■ **WORK ORDER**: Every line between the one containing "Lem Lalat Hosanna" and the last line of the data, both included, is to be set down exactly, and pictures are to be omitted.

*** Opening of MATERIAL PROVIDED ***

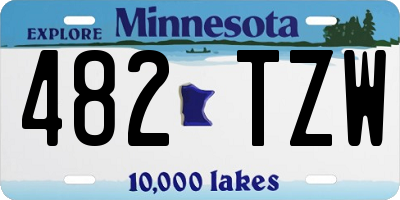 MN license plate 482TZW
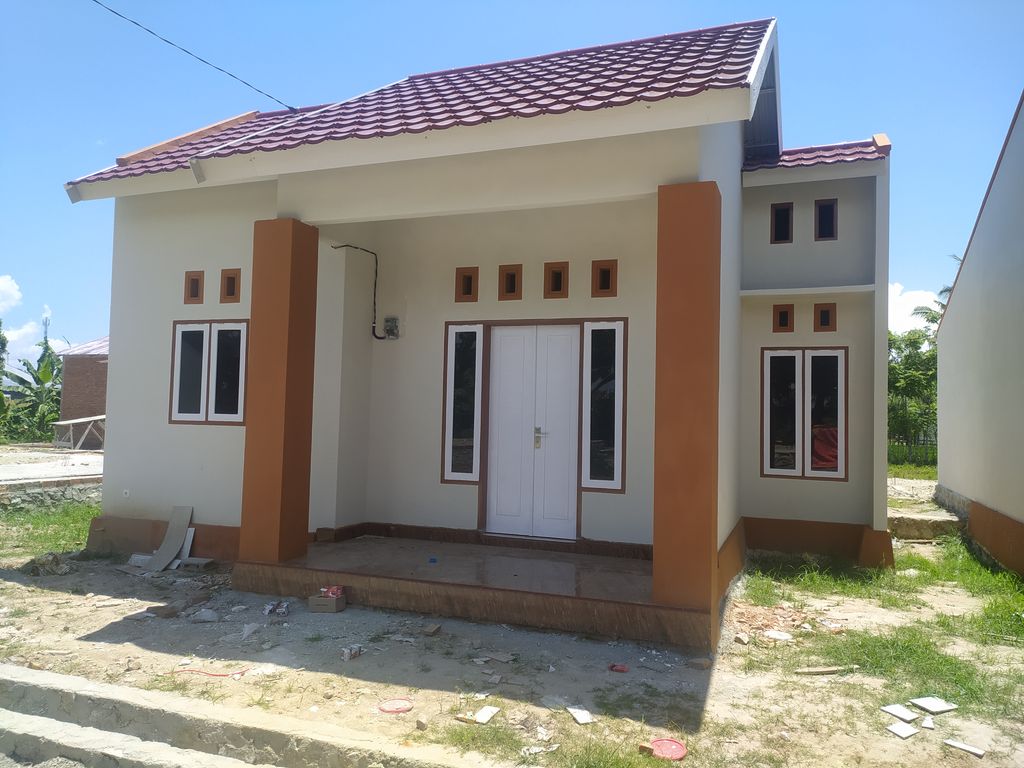 foto tampak rumah tipe 36 perumahan PERUMAHAN GRIYA SULTANA 7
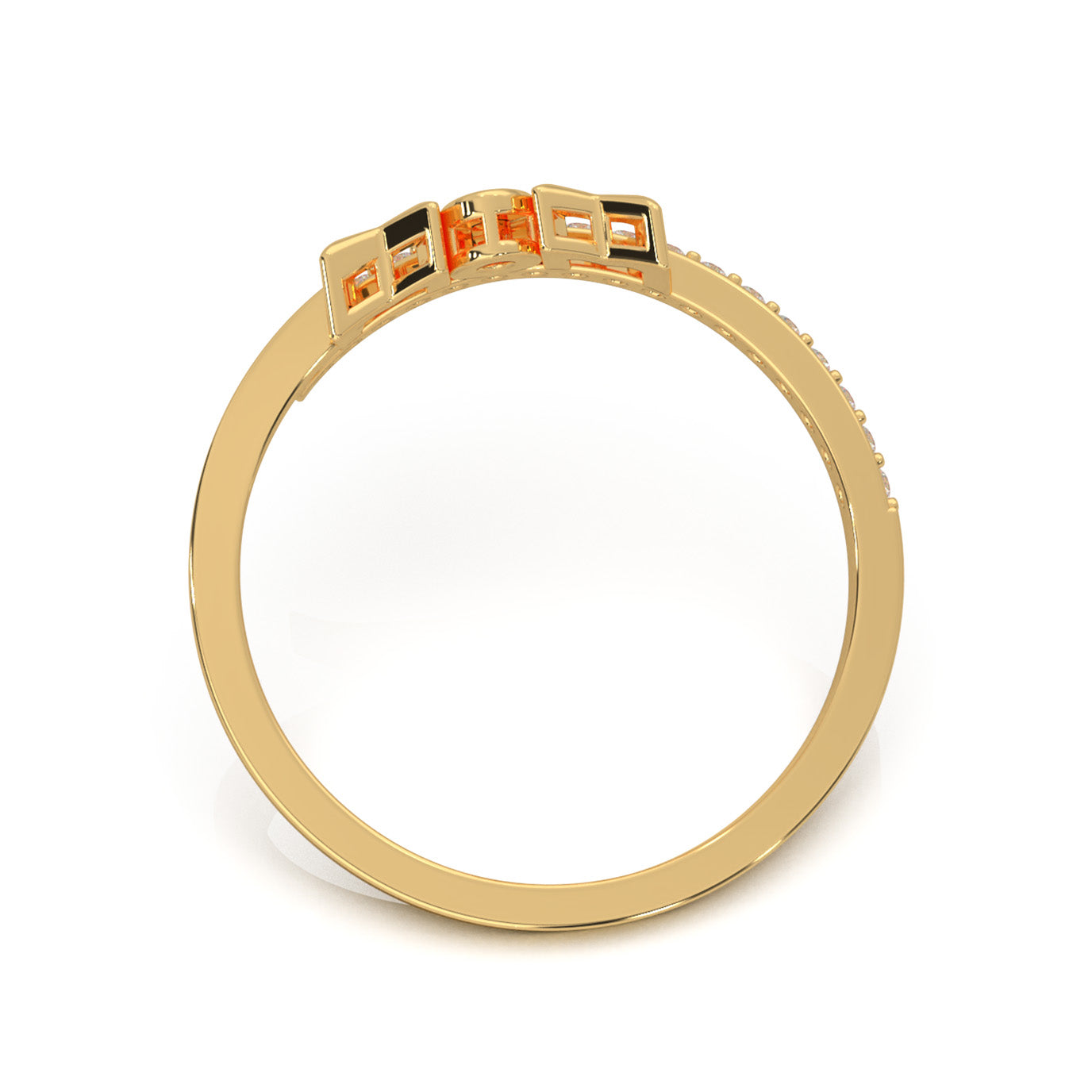 0.20 ct Moissanite Fancy Rings in 10k Yellow Gold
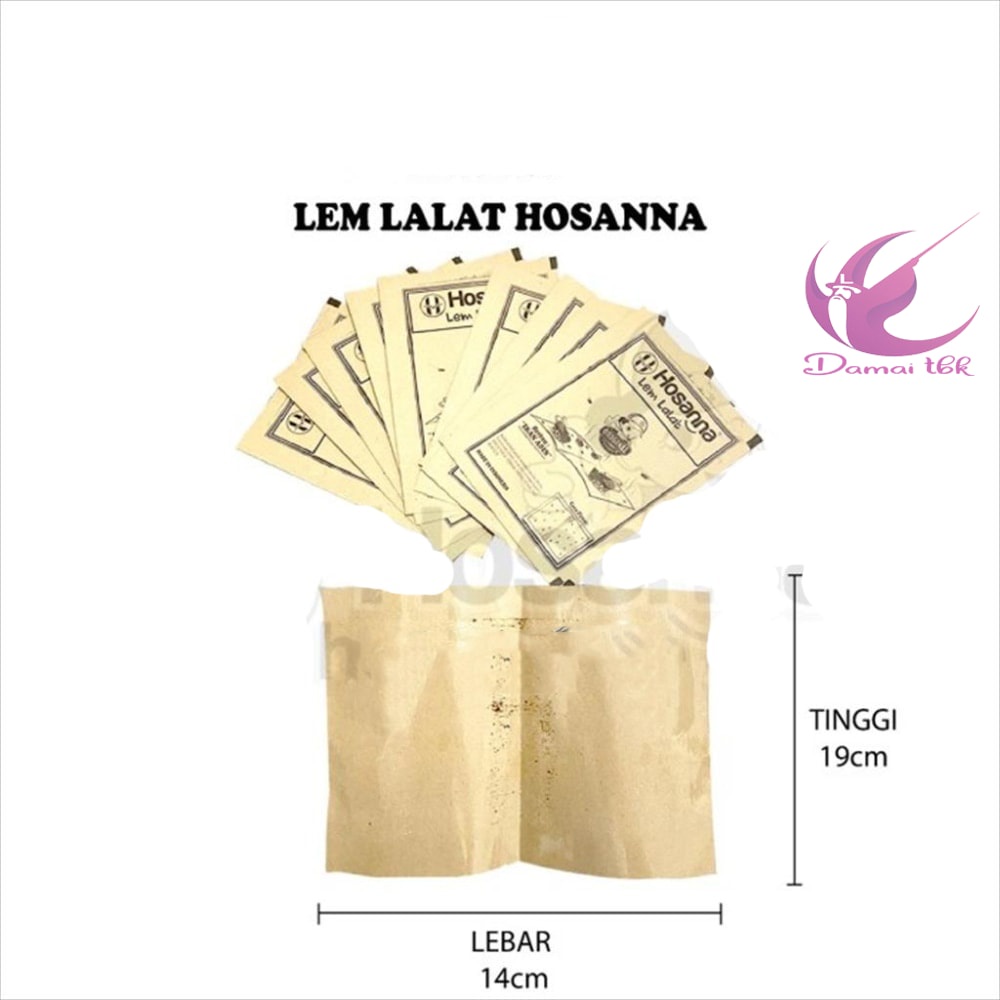 

Lem Lalat Hosanna / Lem Serangga 1pak Isi 10 Lembar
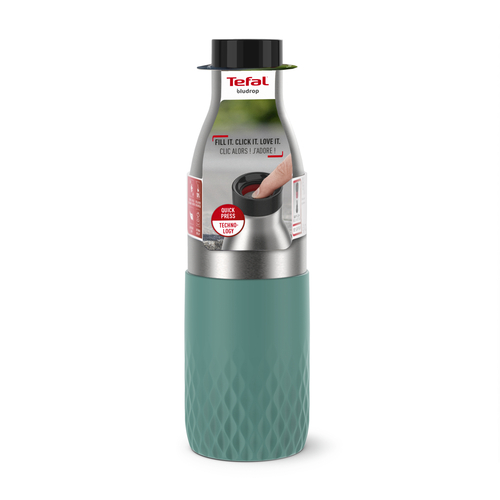 Bludrop Sleeve Vesipullo ruostumatonta terästä 0,7 l Vihreä 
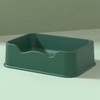 Cat Litter Pan Square Large Capacity Cat Litter Basin Spatter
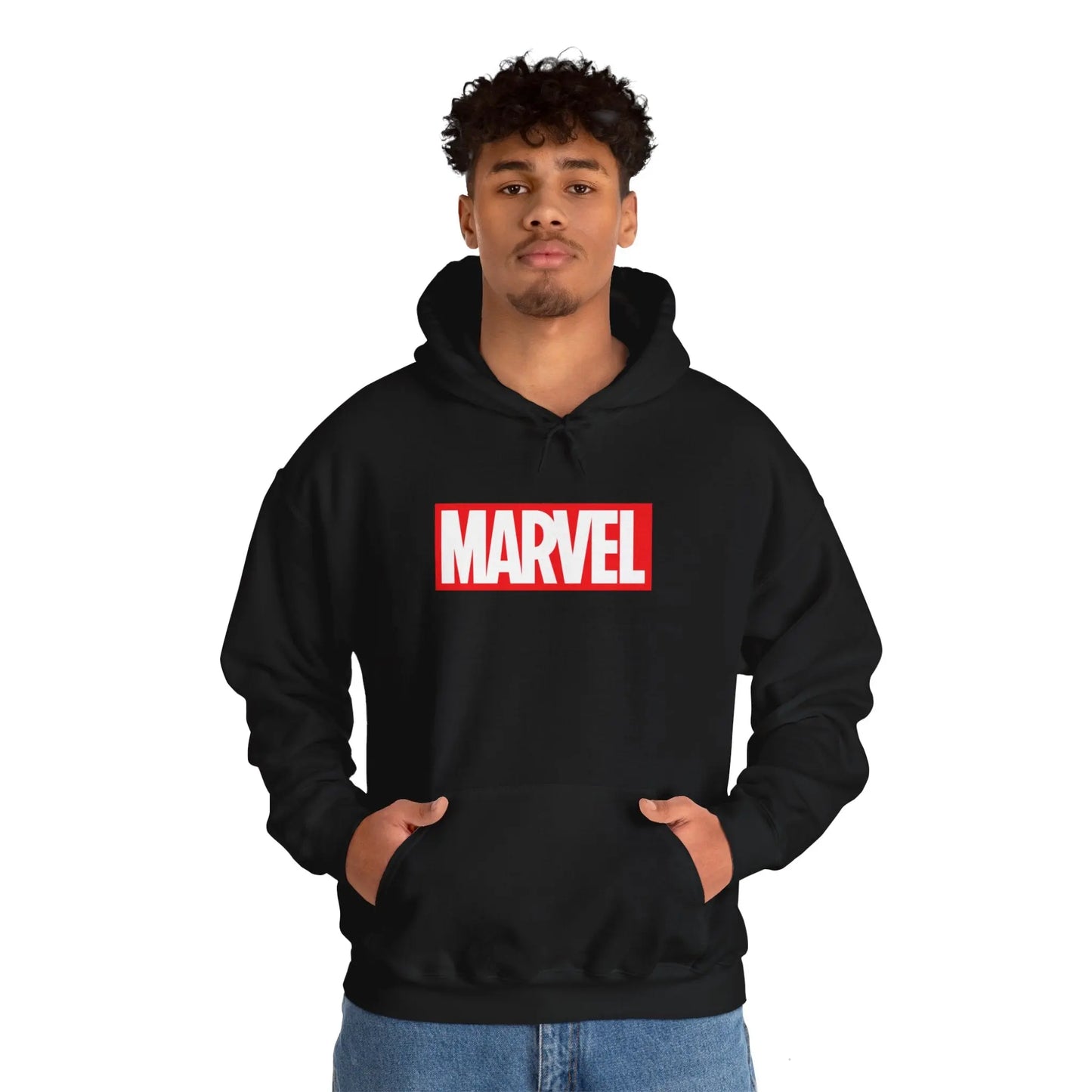 Marvel Iron Man in Space Black Hoodie: Elevate Your Style! - Black Threadz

*** Close of MATERIAL PROVIDED ***

■ **OUTPUT FOR THIS TASK**:
Lem Lalat Hosanna / Lem Serangga 1pak Isi 10 Lembar
 Bludrop Sleeve Vesipullo ruostumatonta terästä 0,7 l Vihreä 
 Cat Litter Pan Square Large Capacity Cat Litter Basin Spatter
 Marvel Iron Man in Space Black Hoodie: Elevate Your Style! - Black Threadz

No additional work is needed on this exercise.